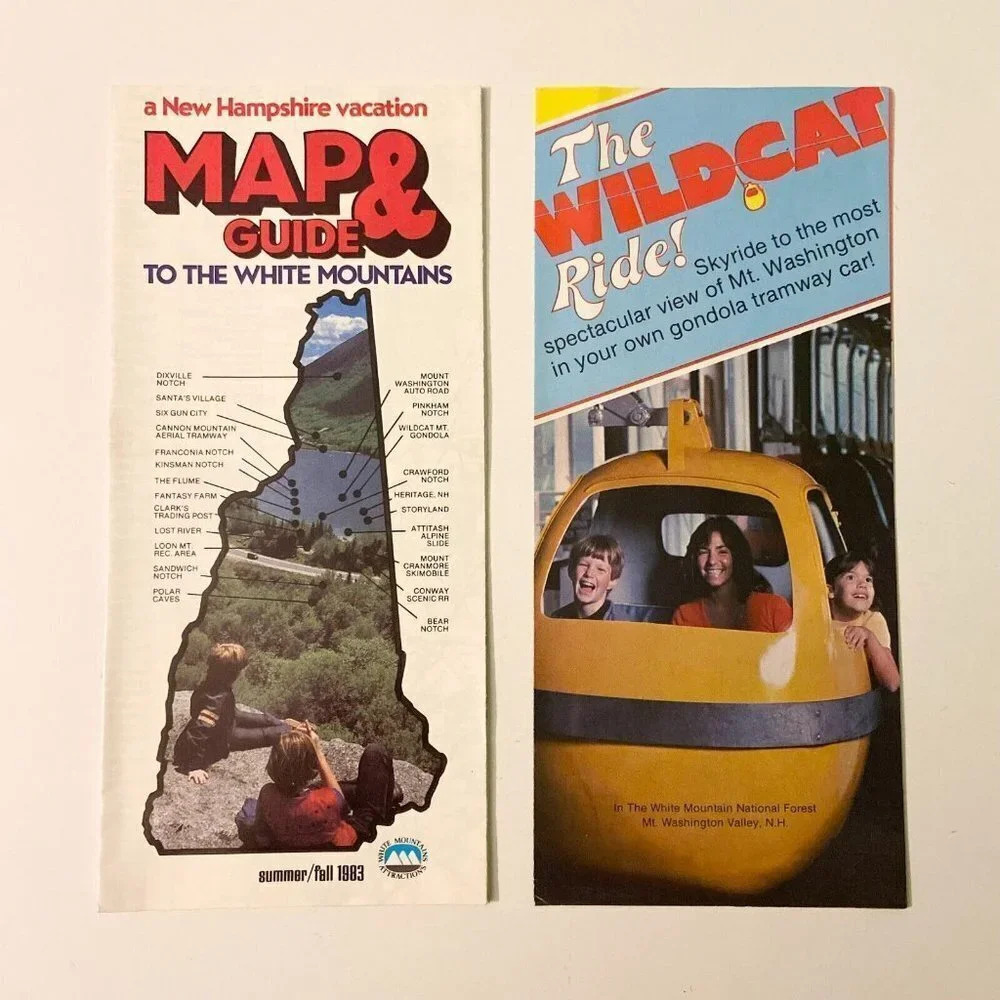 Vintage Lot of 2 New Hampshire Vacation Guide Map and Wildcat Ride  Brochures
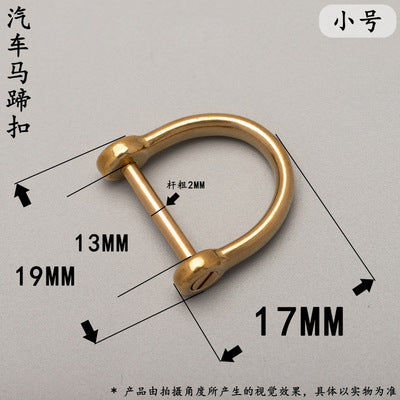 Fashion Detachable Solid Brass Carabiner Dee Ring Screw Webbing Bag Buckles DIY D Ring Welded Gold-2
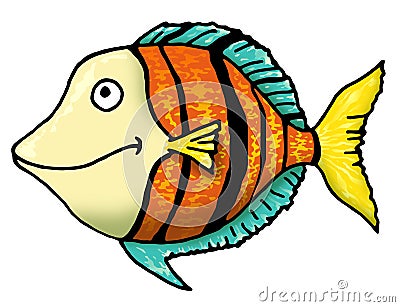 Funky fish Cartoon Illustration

----

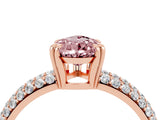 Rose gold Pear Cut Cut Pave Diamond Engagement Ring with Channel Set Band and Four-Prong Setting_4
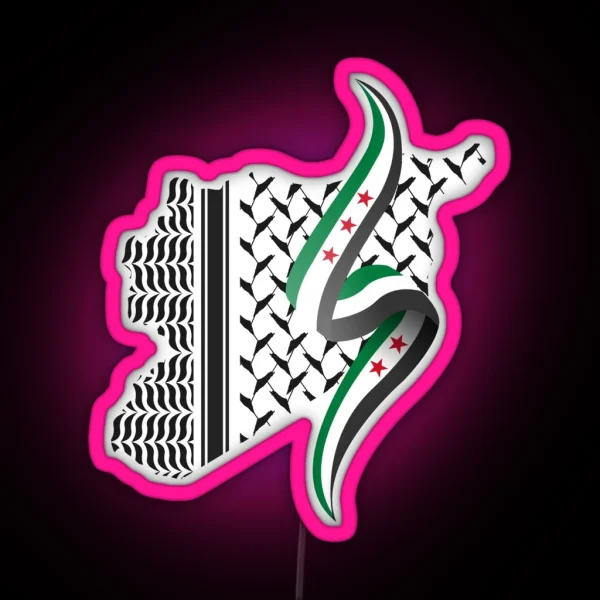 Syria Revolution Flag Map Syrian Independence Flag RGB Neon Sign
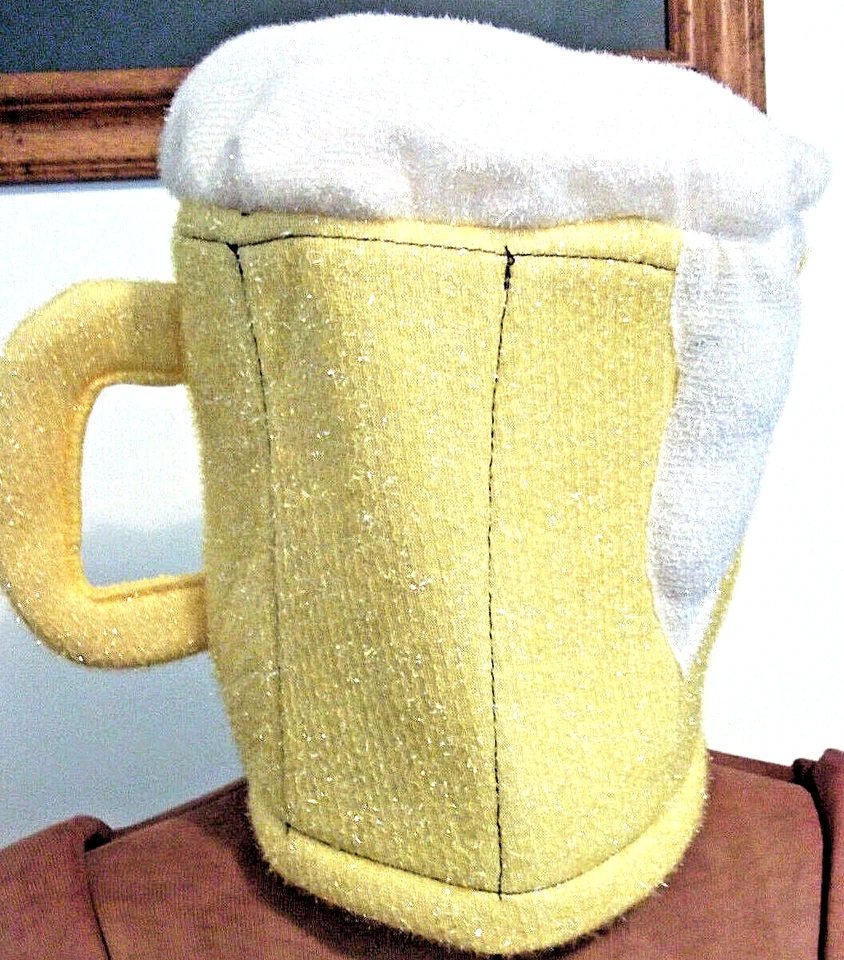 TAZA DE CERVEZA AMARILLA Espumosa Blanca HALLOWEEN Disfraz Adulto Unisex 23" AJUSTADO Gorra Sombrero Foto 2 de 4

----

Return only the stretch above from the line containing "Fashion Detachable Solid" through the line containing "Funky fish Cartoon Illustration", word for word and without pictures.

Response to the exercise:
 Fashion Detachable Solid Brass Carabiner Dee Ring Screw Webbing Bag Buckles DIY D Ring Welded Gold-2
 Funky fish Cartoon Illustration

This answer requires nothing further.